A Messy Grieving Process Is Still a Healthy One
The stages of grief are well known: denial, anger, bargaining, depression, and acceptance. It is commonly assumed that we move through these stages one by one as we mourn the death of someone we love.
But therapists and other experts in bereavement have long suspected it's not quite so simple. New research published in The Journal of the American Medical Association investigates the process of grief.
Holly Prigerson and Paul Maciejewski are a husband-wife research team. Prigerson teaches at Harvard Medical School, Maciejewski teaches at Yale.
For their latest research, Prigerson and Maciejewski wanted to test the common conception of grief: That when people mourn, they go through a series of stages. Prigerson, who also works at the Dana-Farber Cancer Institute, says the stage grief theory is something that has been accepted but not closely studied.
"Some people say, 'You mean, that hasn't been tested yet?' And it even struck us as odd. It's just been out there so long," Prigerson says.
For two years the couple followed 233 people who were mourning the death of a loved one — a spouse, a parent, a child or a sibling. The deaths were all by natural causes, and many were expected deaths from cancer or a long illness.
The research confirmed parts of the stage theory of grief, but it also found big differences.
Counter to the current stage theory of grief, Prigerson and Maciejewski found that acceptance was the most common feeling. And it often came early in the grieving process.
Also surprising was the finding that the main negative feeling wasn't sadness or anger, as previously thought. Yearning, Maciejewski says, is a more dominant characteristic after a loss than sadness.
"Grief is really about yearning and not sadness," Prigerson says. "That sense of heartache. It's been called pangs of grief."
The idea that different people grieve in different ways is no surprise to many who counsel the bereaved.

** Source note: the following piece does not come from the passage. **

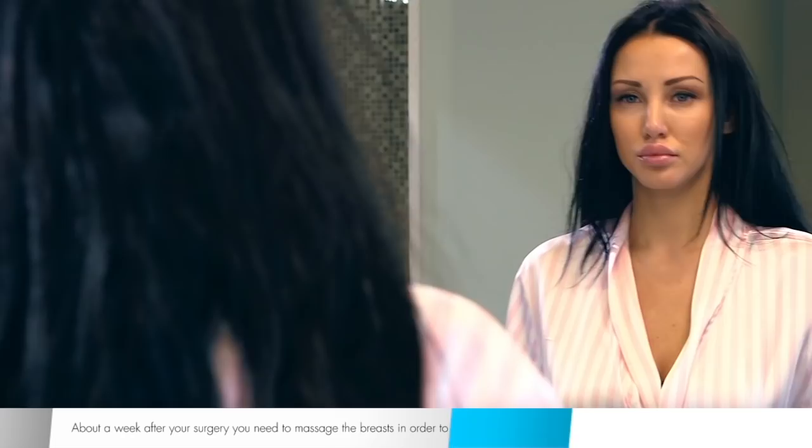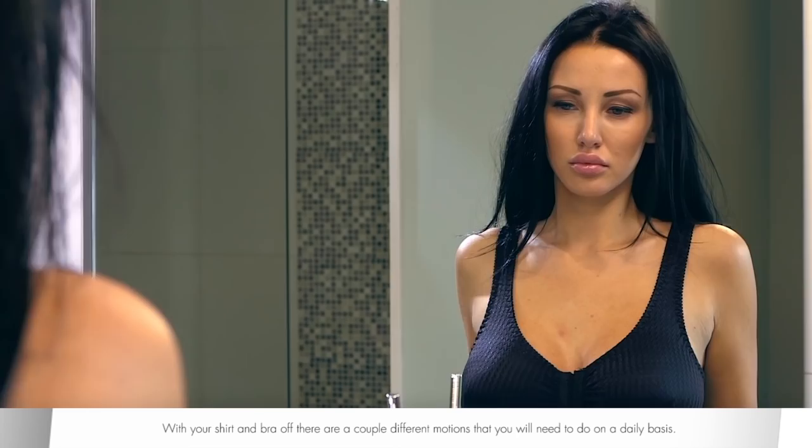About a week after your surgery, you need to massage the breasts in order to keep the capsule soft and prevent a thicker capsule from forming. With your shirt and bra off, there are a couple of different motions that you will need to do on a daily basis.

"When we consider stages, then we place expectations upon people that there's a certain way they should behave or be," says Marcia Lattanzi-Licht, a nurse and psychotherapist who has written about grief.
She notes that some people go through all the stages, and some don't. Often, people will be in more than one stage at the same time. They can be both accepting and yearning, for example.
Lattanzi-Licht welcomes research that goes beyond the stage theory, and hopes that the new research will be reassuring to those mourning the loss of a loved one.
"What it does is normalize some parts of the experience," she says. "People want to know that they're sort of on track."